Group: Lawsuit ‘a waste taxpayers’ money’

The Ocean Stewards Institute on Tuesday applauded a U.S. District Court judge’s decision allowing the U.S. government to issue a permit to Kampachi Farms for its open-ocean fish farm in federal waters off the coast of Hawaii’s Big Island.

The Washington, D.C., environmental organization Food & Water Watch and Hawaiian-Environmental Alliance (KAHEA) had filed a lawsuit arguing that that the National Marine Fisheries Service (NMFS) lacks the authority under the Magnuson-Stevens Fishery Conservation and Management Act to grant such a permit because the activity qualifies as “aquaculture,” not “fishing.”

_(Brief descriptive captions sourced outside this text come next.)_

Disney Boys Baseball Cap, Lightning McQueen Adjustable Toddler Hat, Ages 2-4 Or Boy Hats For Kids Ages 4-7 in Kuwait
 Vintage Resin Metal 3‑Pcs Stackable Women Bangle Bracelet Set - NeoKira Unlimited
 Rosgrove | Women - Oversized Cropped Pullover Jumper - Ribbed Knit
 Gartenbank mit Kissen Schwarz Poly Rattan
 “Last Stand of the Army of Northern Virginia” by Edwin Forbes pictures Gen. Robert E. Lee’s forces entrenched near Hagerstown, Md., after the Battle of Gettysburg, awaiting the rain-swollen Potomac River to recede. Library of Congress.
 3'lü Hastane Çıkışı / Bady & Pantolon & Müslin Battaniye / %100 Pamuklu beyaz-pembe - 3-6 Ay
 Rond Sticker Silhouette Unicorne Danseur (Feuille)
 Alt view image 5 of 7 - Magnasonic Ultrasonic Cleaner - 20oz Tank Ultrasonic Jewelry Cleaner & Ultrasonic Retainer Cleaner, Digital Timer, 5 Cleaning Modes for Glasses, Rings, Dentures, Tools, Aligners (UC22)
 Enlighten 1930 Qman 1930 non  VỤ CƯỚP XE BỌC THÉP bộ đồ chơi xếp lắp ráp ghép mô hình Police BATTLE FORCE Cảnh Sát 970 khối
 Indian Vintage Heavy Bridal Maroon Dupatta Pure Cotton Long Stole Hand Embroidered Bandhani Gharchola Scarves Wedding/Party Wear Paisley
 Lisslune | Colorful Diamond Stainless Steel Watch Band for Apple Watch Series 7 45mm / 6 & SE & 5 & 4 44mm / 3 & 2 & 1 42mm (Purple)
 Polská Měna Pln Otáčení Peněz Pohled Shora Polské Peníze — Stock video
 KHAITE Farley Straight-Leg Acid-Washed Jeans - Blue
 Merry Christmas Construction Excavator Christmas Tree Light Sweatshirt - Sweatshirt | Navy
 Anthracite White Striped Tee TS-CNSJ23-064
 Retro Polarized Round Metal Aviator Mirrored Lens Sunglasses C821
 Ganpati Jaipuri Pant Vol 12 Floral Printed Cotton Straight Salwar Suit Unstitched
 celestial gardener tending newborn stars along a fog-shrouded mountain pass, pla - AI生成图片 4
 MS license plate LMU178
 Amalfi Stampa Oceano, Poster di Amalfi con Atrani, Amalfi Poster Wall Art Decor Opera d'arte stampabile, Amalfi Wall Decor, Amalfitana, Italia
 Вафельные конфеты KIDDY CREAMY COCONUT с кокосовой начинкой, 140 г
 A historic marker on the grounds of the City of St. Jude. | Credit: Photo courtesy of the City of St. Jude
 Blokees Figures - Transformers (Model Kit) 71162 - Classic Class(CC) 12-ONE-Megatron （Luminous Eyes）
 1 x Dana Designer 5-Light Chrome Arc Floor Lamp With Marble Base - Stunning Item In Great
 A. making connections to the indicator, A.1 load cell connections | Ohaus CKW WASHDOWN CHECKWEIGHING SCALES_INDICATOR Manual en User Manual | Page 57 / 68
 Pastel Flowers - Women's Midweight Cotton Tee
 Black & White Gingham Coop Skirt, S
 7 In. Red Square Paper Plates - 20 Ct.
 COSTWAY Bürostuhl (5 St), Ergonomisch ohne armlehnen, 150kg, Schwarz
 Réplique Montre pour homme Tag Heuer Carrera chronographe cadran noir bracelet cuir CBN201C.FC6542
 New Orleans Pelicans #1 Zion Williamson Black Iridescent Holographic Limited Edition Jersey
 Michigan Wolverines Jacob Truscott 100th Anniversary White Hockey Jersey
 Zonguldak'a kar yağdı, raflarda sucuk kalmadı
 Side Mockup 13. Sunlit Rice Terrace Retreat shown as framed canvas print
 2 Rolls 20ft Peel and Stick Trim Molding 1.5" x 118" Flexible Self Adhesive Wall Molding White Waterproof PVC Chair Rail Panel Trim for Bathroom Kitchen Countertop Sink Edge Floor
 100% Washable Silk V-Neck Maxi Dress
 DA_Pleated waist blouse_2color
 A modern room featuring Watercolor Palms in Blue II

Initially, NMFS issued Kampachi Farms a permit for its experimental “Velella Project” involving a single, small submersible pen stocked with 2,000 kampachi, a yellowtail relative native to Hawaiian waters. The pen, which isn’t tethered to the ocean floor, then drifted 3 to 75 miles offshore in waters up to 12,000 feet deep. The project was successfully concluded in February, and the company seeks additional permits to continue.

“The results from this Velella beta test were of great value to us, and to environmentalists and seafood lovers everywhere,” said Neil Anthony Sims, co-CEO of Kampachi Farms and president of the Ocean Stewards, an aquaculture advocacy group. “We should continue to move forward with developing responsible, sustainable sources of great-tasting, healthful fish. The world’s appetite for seafood grows, and we cannot increase our pressure on wild fish stocks. We need to find sustainable solutions. That’s what this research was exploring.” 

Sims questioned the reasoning behind the suit. 

“Why would you waste taxpayers’ money dragging NOAA into court to try to make them stop giving out research permits? Should we stop all research in the ocean? Should such research be unregulated? Or should we stop eating fish altogether? The extremist groups behind this lawsuit are not environmentalists — they are obstructionists,” he said.